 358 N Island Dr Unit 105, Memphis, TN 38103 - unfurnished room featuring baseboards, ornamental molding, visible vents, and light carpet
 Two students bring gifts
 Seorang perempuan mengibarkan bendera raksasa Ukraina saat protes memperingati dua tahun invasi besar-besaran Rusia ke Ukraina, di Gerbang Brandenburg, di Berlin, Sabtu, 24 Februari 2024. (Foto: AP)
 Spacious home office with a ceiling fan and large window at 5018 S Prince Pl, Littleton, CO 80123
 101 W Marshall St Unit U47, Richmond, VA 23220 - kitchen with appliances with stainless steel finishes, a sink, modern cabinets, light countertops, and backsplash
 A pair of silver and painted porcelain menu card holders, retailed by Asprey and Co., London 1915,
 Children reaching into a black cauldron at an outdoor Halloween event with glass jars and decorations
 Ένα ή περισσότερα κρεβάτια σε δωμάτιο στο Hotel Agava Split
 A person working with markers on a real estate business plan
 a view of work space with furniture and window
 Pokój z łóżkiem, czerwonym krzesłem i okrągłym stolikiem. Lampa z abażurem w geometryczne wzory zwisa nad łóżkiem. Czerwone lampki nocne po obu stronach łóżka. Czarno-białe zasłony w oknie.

Work to complete:
Start with the line above that contains "Ένα ή περισσότερα" and stop after the line that contains "a view of work". Output those lines exactly, and only those.

Response below:
 Ένα ή περισσότερα κρεβάτια σε δωμάτιο στο Hotel Agava Split
 A person working with markers on a real estate business plan
 a view of work space with furniture and window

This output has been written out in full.